Birthday Party, c’est le groupe de Nick Cave. Et de la plupart des futurs Bad Seeds. Un groupe de jeunesse donc. Assez hors-norme et terrifiant. En un mot extrémiste.
Avec ses potes, l’indéfectible Mick Harvey, Phil Calvert, Howard S. Howard, Tracy Pew, Nick Cave végète en Australie, pays-continent où succès d’AC/DC oblige, le hard-rock bluesy et sauvage écrase tout. Un genre qui n’est pas exactement la tasse de thé des Birthday Party, troupe punky d’amateurs de ce rock qu’on appelait « décadent » (le glam pour faire simple), et de leurs pères à tous, Lou Reed et Iggy Pop. Du premier, Cave retiendra l’aspect littéraire sombre et torturé des lyrics, du second un jeu de scène outrancier et apocalyptique.
Birthday Party 1982
Les Birthday Party (et la copine-muse de Cave Anita Lane) quitteront l’Australie pour l’Angleterre. Une Angleterre quelque peu fantasmée, qu’ils imaginent tout entière sous la coupe de groupes punks ou post-punk. Quand ils arrivent fin 80 à Londres, c’est pour s’apercevoir que Spandau Ballet, Human League et Orchestral Manœuvres sont en haut des charts, que leurs groupes punks fétiches ont pris du plomb dans l’aile ou n’existent plus et que la scène post-tout ce qu’on veut (rock, punk, …), a une audience famélique. Gros coup de blues pour les Birthday Party, qui vont se jeter à corps perdu dans la dope, et pousser au paroxysme un genre qui commence à sortir de l’underground, le rock dit « gothique », issu de la scène batcave. Un genre musical à la base austère et tourmenté, servi par des officiants tout de noir vêtus.
Birthday Party pousseront les curseurs nettement plus loin que la plupart des poseurs issus de ce mouvement. Les messes noires deviendront avec Birthday Party des cérémonies sabbatiques. S’appuyant sur une batterie plus percussive que rythmique, des guitares qui découpent la masse sonore façon scalpel, et un Cave possédé, hurlant, grondant, menaçant, jurant, … au chant. Des prestations dangereuses, voire choquantes, en tout cas très agressives…
Birthday Party est plus ou moins une démocratie dirigée par Cave, chacun apporte sa contribution. A l’écoute de ce disque, on a l’impression que c’est souvent en ordre dispersé, que les gens jouent leur truc sans trop s’occuper de ce que joue le voisin. D’où un son assez unique, hyper sauvage et déstructuré, sur lequel Cave vient déclamer et hurler ses histoires malsaines, glauques et tordues. Une performance d’allumé intégral, bien loin des ballades de crooner déglingo qui feront son succès, voire sa fortune, à partir du milieu des années 80. En d’autres termes, on ne risquait pas d’entendre dans un disque de Birthday Party des duos avec Kylie Kylie Minogue ou PJ Harvey …

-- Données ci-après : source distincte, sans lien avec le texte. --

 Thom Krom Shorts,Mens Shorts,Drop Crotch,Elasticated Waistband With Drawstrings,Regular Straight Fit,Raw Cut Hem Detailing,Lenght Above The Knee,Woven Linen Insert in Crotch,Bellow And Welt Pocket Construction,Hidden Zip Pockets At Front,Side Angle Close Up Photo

Nick Cave dans une imitation d'Iggy Pop
Le disque, enrobé dans une pochette comics madmaxienne (que perso je trouve à chier), œuvre d’un dessinateur underground pote de Cave, renfermait à l’origine 10 titres. Dans l’édition Cd qui maintenant fait foi, on en trouve trois de supplémentaires, l’inaugural « Blast off » (qui porte bien son nom, et évoque effectivement un blast sonore, tout en syncope et hurlements), et nichés en fin de Cd, une version notablement différente de « Dead Joe » et le 45 T sorti en éclaireur « Release the bats », encore plus sauvage que les titres « officiels » et qui on s’en doute, n’a pas grimpé à la cime des hit-parades.

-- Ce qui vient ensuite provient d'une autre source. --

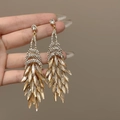 Gros plan de boucles d'oreilles pendantes en strass avec cristaux champagne et dorés - Style Plume et Gland / Brun doré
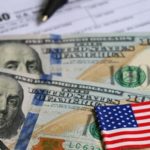 Hundred Dollar Bills with American Flag, and 1040 Tax Form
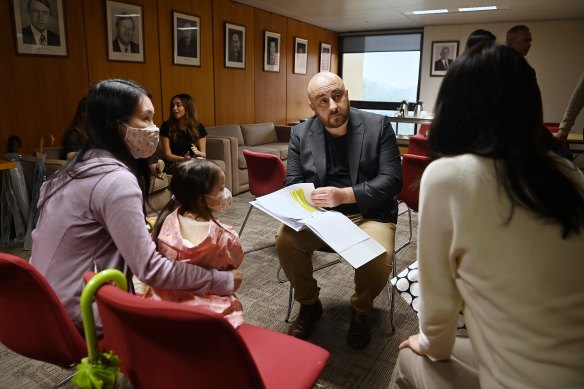 Mascot Towers owners Karee Chan with her daughter Cathleen Chan, age 2, and Stu Carr look through the letters residents have written to Premier Dominic Perrottet about their plight.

Le disque original est un gros pavé d’agression sonore, manifeste de déglingue rock’n’roll, textes noirs, musique crissante et crispante. Guère de nuances, tout au plus peut-on distinguer deux familles de titres, ceux à base d’incantations lancinantes (« She’s hit »,  « The dim locator », « Hamlet … », « 6’’ gold blade », « Junkyard »,…), et quelques agressions soniques citant des racines rockabilly ou rock’n’roll (« Dead Joe », « Big Jesus trash can », « Kiss me black », …). Le reste oscillant entre noir et sombre, boucan et bruit blanc au service de la prestation vocale théâtralisée de Nick Cave.

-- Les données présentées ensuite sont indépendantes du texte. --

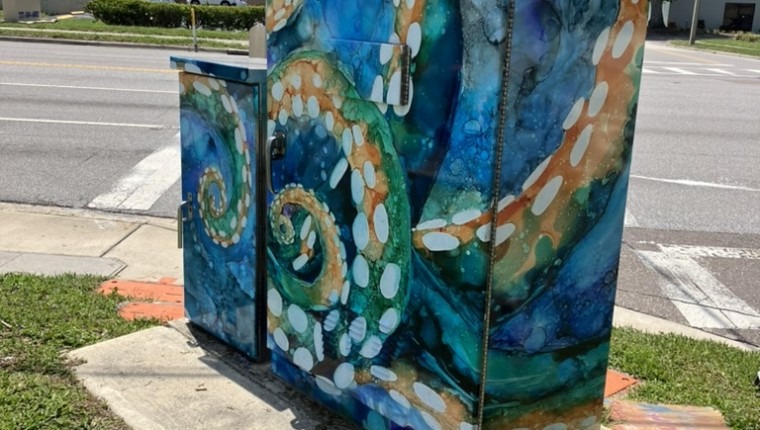 A signal box is decorated with an octopus.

« Junkyard » n’est pas un disque « facile », cherche à marquer les esprits par son extrémisme, tente de définir une nouvelle frontière jusqu’auboutiste à la manière d’un « Fun house » ou d’un « Raw power », modèles évidents. L’accueil en Angleterre (et ailleurs) fut tellement enthousiaste (sourire) que des dissensions entre les musiciens entraînèrent la fin du groupe, et le départ de Nick Cave et de celui qui lui resta fidèle (Mick Harvey) vers Berlin, où là les choses seraient claires, exit le « groupe » et place à Nick Cave & The Bad Seeds …

JEAN-MICHEL JARRE - LES CONCERTS EN CHINE (1982)


Nuits de Chine, nuits câlines ?

Jarre, c’est un peu le Guetta du siècle dernier… le type qui fait de la musique électronique et que tout le monde connaît. Même s’il y a une nuance, et pas petite. L’un des deux est un musicien.
Même si perso, ce que je préfère de l’œuvre de Jarre, c’est les textes qu’il écrivait pour Christophe à l’époque des « Paradis perdus » et des « Mots bleus ». Et qu’il ait eu du succès avec sa musique électronique de supermarché n’est pas honteux, il était impliqué depuis des années tant dans l’avant-garde musicale que dans celle des technologies électroniques. Il sera en plus assez malin pour se différencier des autres sur le circuit pop-rock , s’orientant dès ses premiers succès vers des concerts événementiels devant des foules considérables plutôt que de banales tournées de promotion dans les salles de spectacle traditionnelles.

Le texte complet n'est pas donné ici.